Quadriceps neural alterations in anterior cruciate ligament reconstructed patients: A 6-month longitudinal investigation.
Lepley AS, Gribble PA, Thomas AC, Tevald MA, Sohn DH, and Pietrosimone BG. Scand J Med Sci Sports. 2015; [Epub Ahead of Print]
Take Home Message: Patients who sustained an anterior cruciate ligament tear often suffer quadriceps weakness, altered spinal-reflexive excitability during the first few weeks after the injury, and altered corticospinal excitability a few months after the injury.
Quadriceps muscle strength deficits are common following an anterior cruciate ligament (ACL) injury and reconstruction. This deficit may be partly due to neural inhibition and has implications with regards to return to activity and long-term joint health. Treating neural inhibition is often overlooked in rehabilitation because we need a better understanding about if and when these issues arise after an ACL reconstruction. Therefore, Lepley and colleagues completed a longitudinal, case-control study to assess changes in quadriceps spinal-reflexive and corticospinal excitability, quadriceps strength, and voluntary activation following ACL injury and reconstruction. Twenty patients who sustained an ACL tear and were scheduled for surgery participated in this study along with 20 matched control participants (matched based on age, height, mass, and activity level). The authors evaluated both groups at three time points, which corresponded to before surgery, 2 weeks post-surgery, and 6 months post-surgery. Both limbs in the ACL group were compared with a matched limb from a control participant. The authors collected self-reported function (IKDC scores), maximal voluntary isometric contraction, voluntary activation (central activation ratio), spinal reflex excitability (normalized Hoffmann spinal reflexes), and corticospinal excitability (active motor threshold, and normalized motor-evoked potential amplitudes) of the vastus medialis muscle at every time points. Participants in the ACL group demonstrated lower self-reported function, more quadriceps weakness, and less voluntary activation than control participants. The injured leg had a lower spinal reflex excitability before surgery and 2 weeks after surgery compared with the healthy controls. The contralateral limb in the ACL group also had lower spinal reflex excitability 2 weeks after surgery but both limbs were similar to controls by 6 months. Furthermore, ACL participants had altered corticospinal excitability compared with control participants but this was only detected at 6-months post-surgery.

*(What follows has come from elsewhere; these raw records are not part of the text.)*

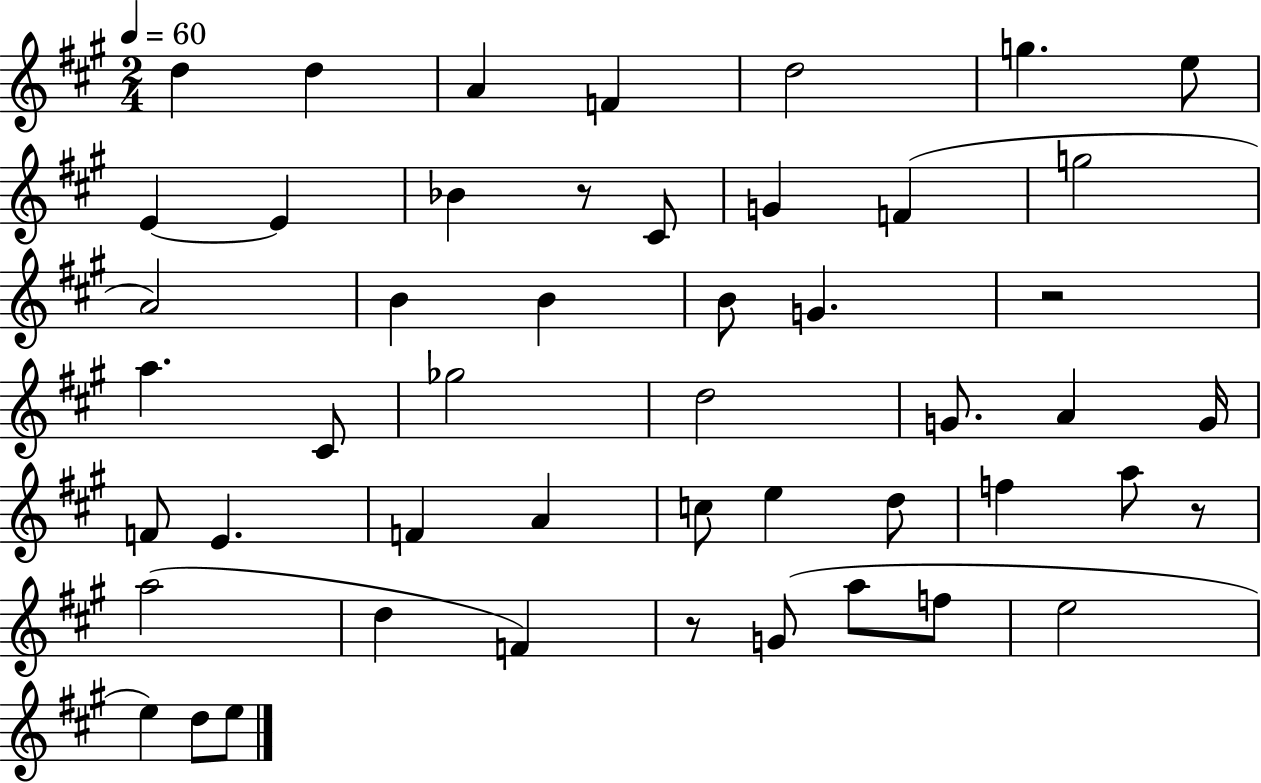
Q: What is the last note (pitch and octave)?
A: E5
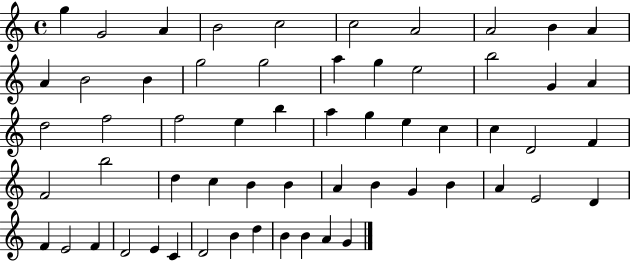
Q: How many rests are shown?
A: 0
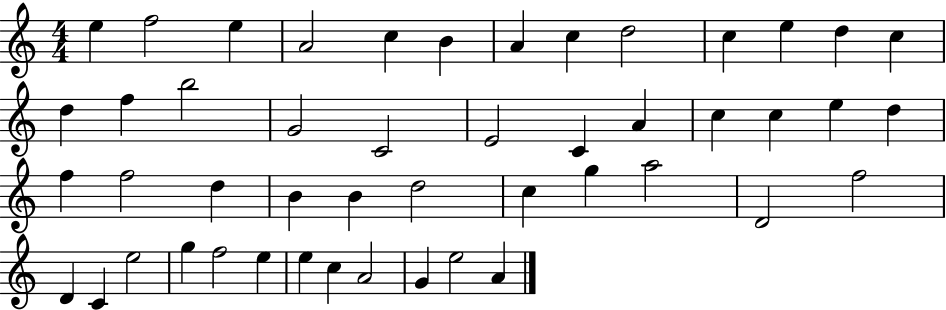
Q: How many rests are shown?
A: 0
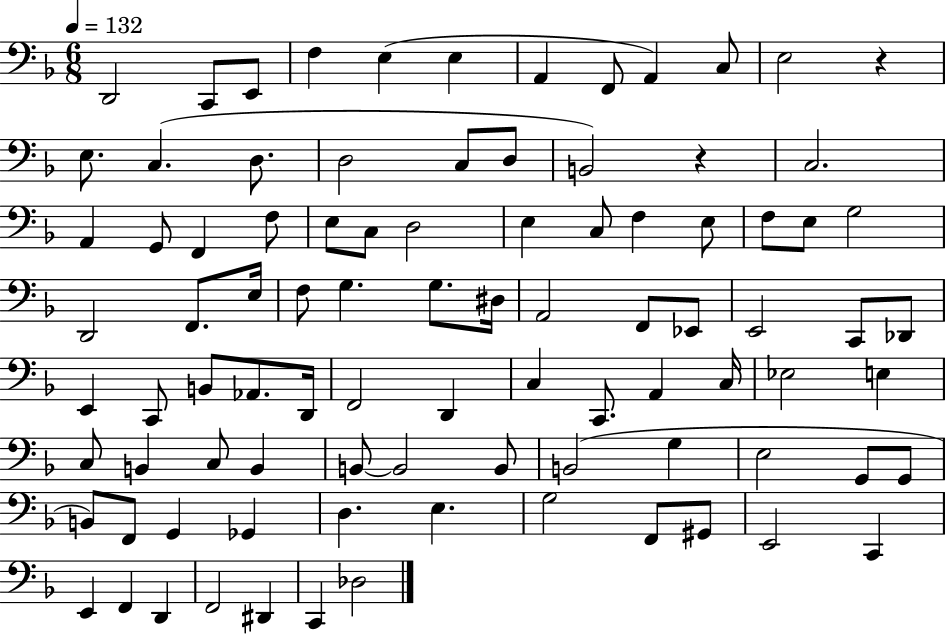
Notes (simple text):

D2/h C2/e E2/e F3/q E3/q E3/q A2/q F2/e A2/q C3/e E3/h R/q E3/e. C3/q. D3/e. D3/h C3/e D3/e B2/h R/q C3/h. A2/q G2/e F2/q F3/e E3/e C3/e D3/h E3/q C3/e F3/q E3/e F3/e E3/e G3/h D2/h F2/e. E3/s F3/e G3/q. G3/e. D#3/s A2/h F2/e Eb2/e E2/h C2/e Db2/e E2/q C2/e B2/e Ab2/e. D2/s F2/h D2/q C3/q C2/e. A2/q C3/s Eb3/h E3/q C3/e B2/q C3/e B2/q B2/e B2/h B2/e B2/h G3/q E3/h G2/e G2/e B2/e F2/e G2/q Gb2/q D3/q. E3/q. G3/h F2/e G#2/e E2/h C2/q E2/q F2/q D2/q F2/h D#2/q C2/q Db3/h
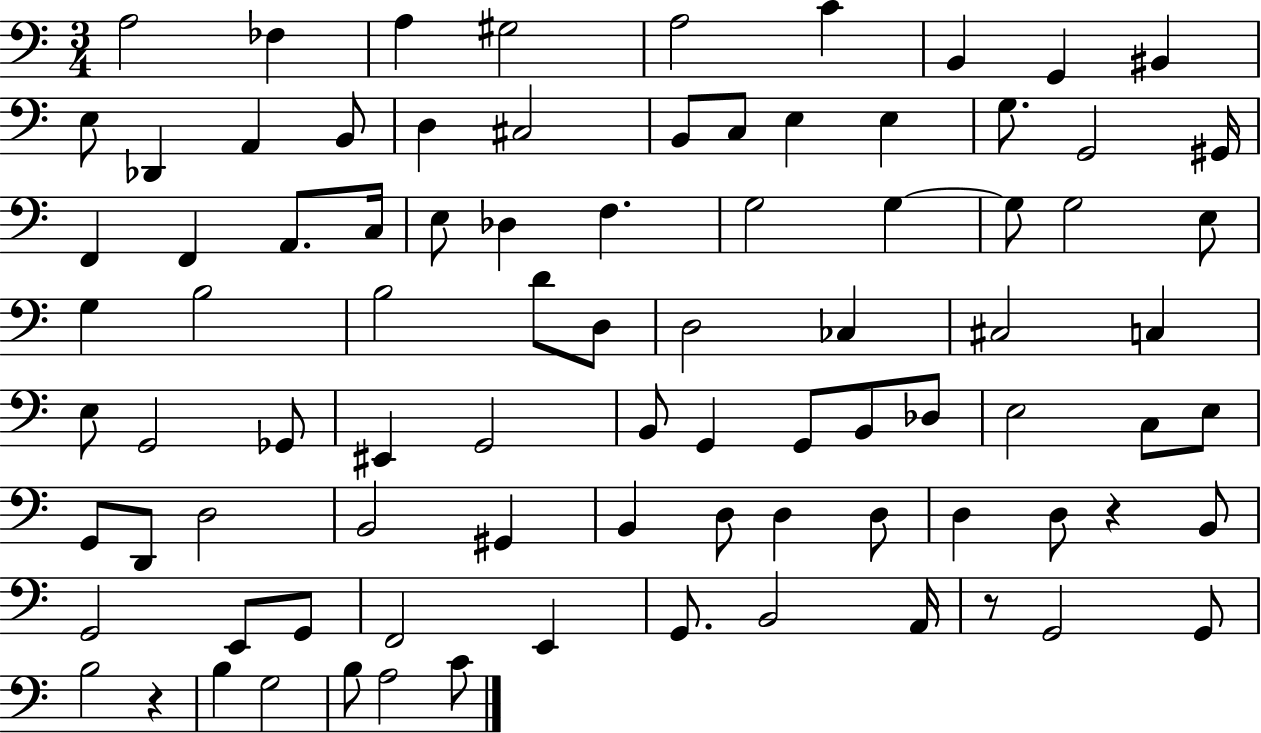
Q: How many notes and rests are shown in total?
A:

The data presented in this study may be beneficial in helping clinicians better address quadriceps weakness, prior to and following surgery. The authors observed deficits in spinal-reflexive excitability during the first few weeks after an injury and surgery, which then improved. In contrast, diminished corticospinal excitability was only observed six months after surgery. These neural alterations were present when the ACL group also had clinical impairments in quadriceps strength and activation. This may indicate that the acute injury, which is associated with pain and swelling, may affect the spinal reflex and may eventually affect the other limb. As the pain and swelling decreases the spinal reflex improves but new issues arise higher up in the central nervous system (specifically, in the brain). If clinicians could address these deficits then patients could regain normal quadriceps muscle function and thus more normative joint biomechanics. The authors note that future research should assess modalities believed to target these neural pathways. For example, transcutaneous electrical stimulation and cryotherapy may be helpful in the early phase of rehabilitation to increase spinal-reflex excitability. Furthermore, muscle activation biofeedback may be helpful in the later rehabilitation stages (1 to 6 months post surgery) when we are concerned about corticospinal excitability. While more research will be needed it would be low risk for clinicians to try using more cryotherapy and transcutaneous electrical stimulation in the first few weeks after an injury and more biofeedback in the later stages. Hopefully, these therapies along with emerging therapies will help us address these neural issues and help our patients return to full function.
Questions for discussion: How much focus do you have on spinal-reflexive excitability training in the early stages of your ACL rehabilitation? What techniques have you found to be particular effective in addressing this issue?